#### About this exercise
Which of the lines in the data below contain the string "Yellow"? Copy each of them.

=== Section Start ===

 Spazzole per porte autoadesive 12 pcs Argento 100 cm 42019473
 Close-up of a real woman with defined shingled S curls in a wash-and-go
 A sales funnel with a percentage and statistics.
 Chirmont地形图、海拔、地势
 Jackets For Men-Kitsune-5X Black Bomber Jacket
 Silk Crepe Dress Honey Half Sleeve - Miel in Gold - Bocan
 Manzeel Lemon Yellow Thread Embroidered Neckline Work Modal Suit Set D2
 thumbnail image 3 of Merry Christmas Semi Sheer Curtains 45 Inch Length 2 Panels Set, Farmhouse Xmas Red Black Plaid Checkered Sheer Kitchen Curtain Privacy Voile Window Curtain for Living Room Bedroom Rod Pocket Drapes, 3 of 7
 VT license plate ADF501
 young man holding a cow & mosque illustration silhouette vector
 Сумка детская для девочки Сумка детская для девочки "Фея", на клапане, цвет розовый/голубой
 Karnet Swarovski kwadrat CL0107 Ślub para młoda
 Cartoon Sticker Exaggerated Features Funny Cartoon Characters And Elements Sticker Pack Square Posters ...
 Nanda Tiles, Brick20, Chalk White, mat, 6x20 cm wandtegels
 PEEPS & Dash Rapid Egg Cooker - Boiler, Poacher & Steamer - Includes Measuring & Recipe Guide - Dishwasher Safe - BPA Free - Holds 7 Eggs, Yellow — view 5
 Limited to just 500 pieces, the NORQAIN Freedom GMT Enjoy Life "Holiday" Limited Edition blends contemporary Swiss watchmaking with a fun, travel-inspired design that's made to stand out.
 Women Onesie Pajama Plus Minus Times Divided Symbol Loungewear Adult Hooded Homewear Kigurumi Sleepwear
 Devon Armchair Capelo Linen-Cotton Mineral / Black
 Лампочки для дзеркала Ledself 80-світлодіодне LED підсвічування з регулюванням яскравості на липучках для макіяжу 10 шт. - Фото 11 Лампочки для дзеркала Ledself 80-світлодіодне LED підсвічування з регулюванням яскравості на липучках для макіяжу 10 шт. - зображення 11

=== Section End ===

#### Task output
 Manzeel Lemon Yellow Thread Embroidered Neckline Work Modal Suit Set D2
 PEEPS & Dash Rapid Egg Cooker - Boiler, Poacher & Steamer - Includes Measuring & Recipe Guide - Dishwasher Safe - BPA Free - Holds 7 Eggs, Yellow — view 5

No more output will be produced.